Qual será a perceção dos investidores em relação ao nosso país face a estas distorções dos princípios em que assenta a economia de mercado? Não se entenderá que este tipo de medidas afasta o interesse dos investidores – e não apenas no setor bancário? Portugal necessita de volumes enormes de investimento produtivo novo, para sair da crise e sustentar o futuro, e terá que competir com os restantes países europeus pela sua atração.

Qual o incentivo a investir em tecnologia e inovação, proporcionando um melhor serviço e comodidade aos clientes, quando se é impedido de poder cobrar por tais serviços?

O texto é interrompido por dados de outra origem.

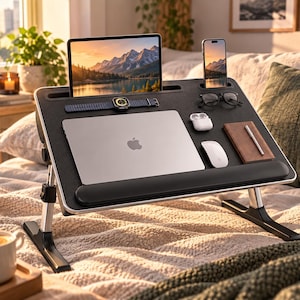 May include: A black adjustable laptop desk with a textured surface, featuring a tablet slot, a smartphone stand, and a wrist rest. The desk holds a silver laptop, a tablet, a smartphone, a smartwatch, wireless earbuds, a computer mouse, and a notebook.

Qual o interesse, na ótica do investidor bancário, de sediar uma instituição financeira em Portugal, quando pode oferecer serviços financeiros de qualquer outro Estado Membro sem estar sujeito a todas estas limitações?

Em Portugal, contraria-se repetidamente o objetivo de level playing field  contido na União Bancária, com medidas que penalizam o nosso sistema bancário e o impedem de competir com os pares europeus e com novos atores em igualdade de condições.

Este conjunto de iniciativas legislativas foi objeto de um leque alargado de pareceres e audições, mas o Parlamento entendeu não tomar em conta alguns dos avisos das Autoridades de Regulação/Supervisão, nem as posições, muito sustentadas, das Associações Financeiras.

Esta aprovação irá certamente ter repercussões nos agentes económicos portugueses, que precisam de poder contar, com redobrada importância e urgência, no atual contexto, com um sistema financeiro saudável e assente em práticas transparentes. Só assim será possível assegurar a prosperidade e a competitividade do país.